Segment Start: Data
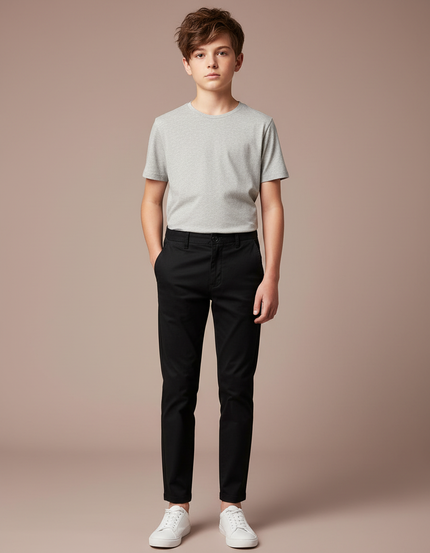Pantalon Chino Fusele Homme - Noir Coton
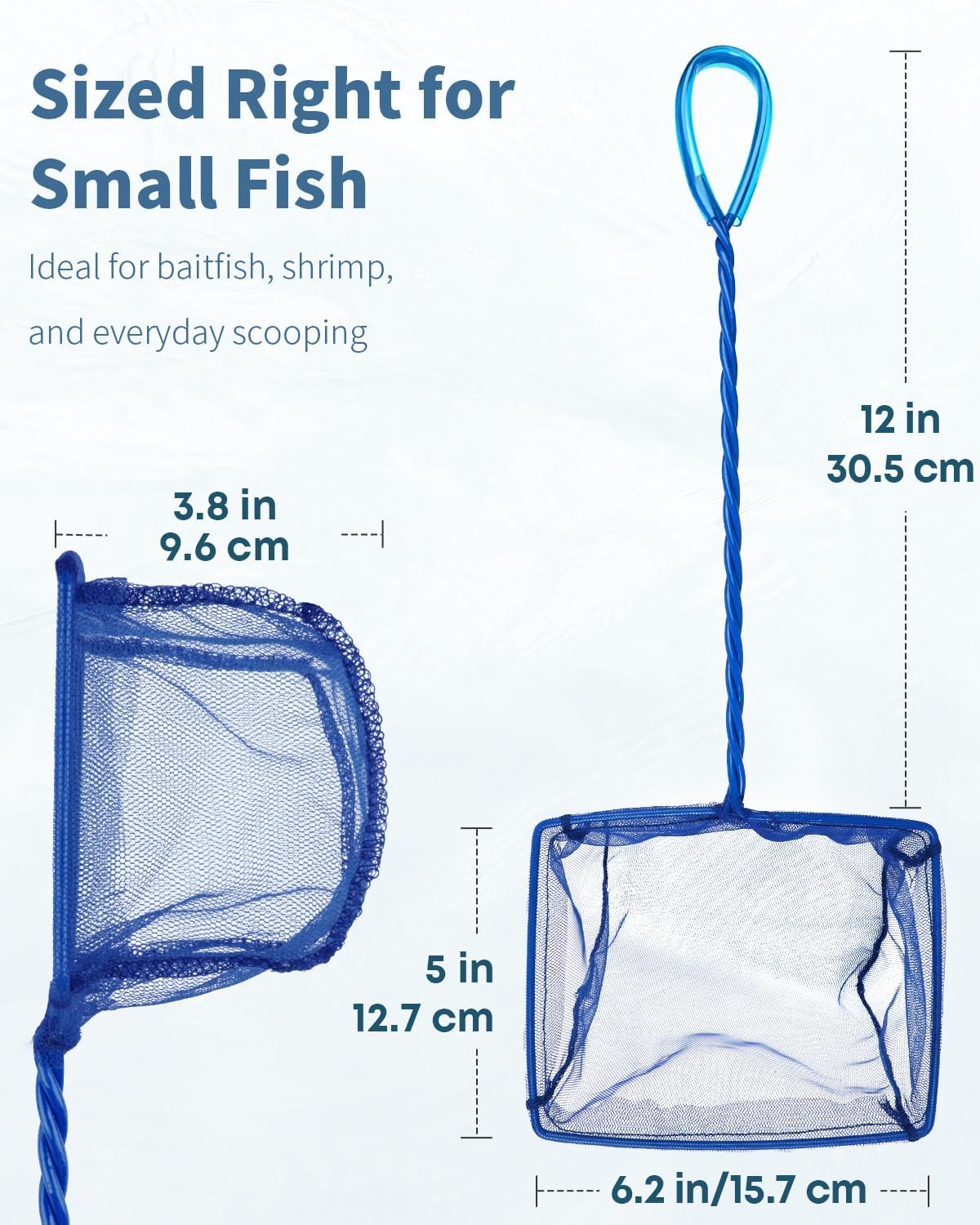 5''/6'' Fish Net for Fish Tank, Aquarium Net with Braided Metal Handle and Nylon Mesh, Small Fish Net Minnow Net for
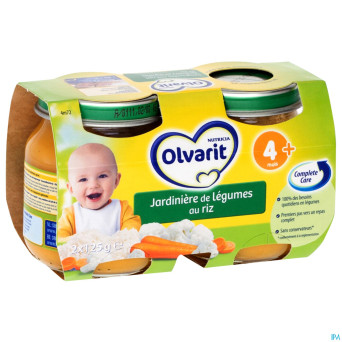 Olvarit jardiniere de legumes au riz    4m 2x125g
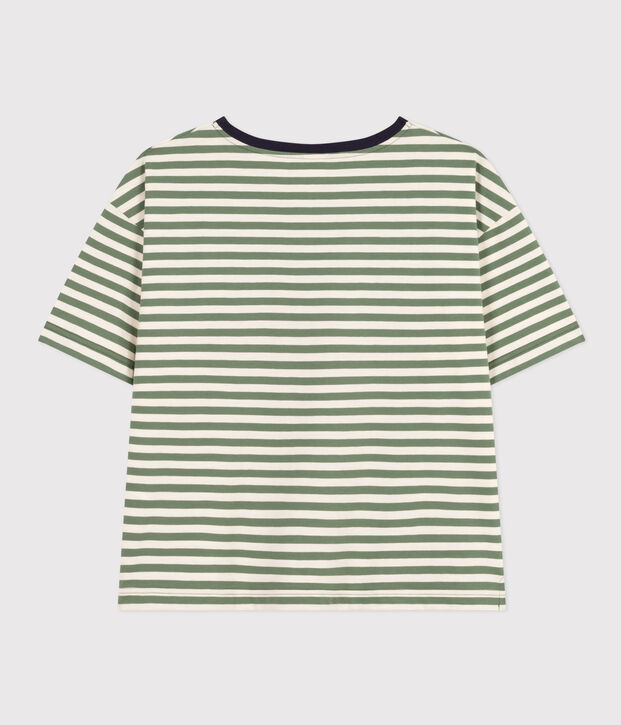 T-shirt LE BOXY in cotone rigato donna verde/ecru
Segment End: Data
If the data includes images, omit them, and set down everything else exactly as above.

Pantalon Chino Fusele Homme - Noir Coton
 5''/6'' Fish Net for Fish Tank, Aquarium Net with Braided Metal Handle and Nylon Mesh, Small Fish Net Minnow Net for
 Olvarit jardiniere de legumes au riz    4m 2x125g
 T-shirt LE BOXY in cotone rigato donna verde/ecru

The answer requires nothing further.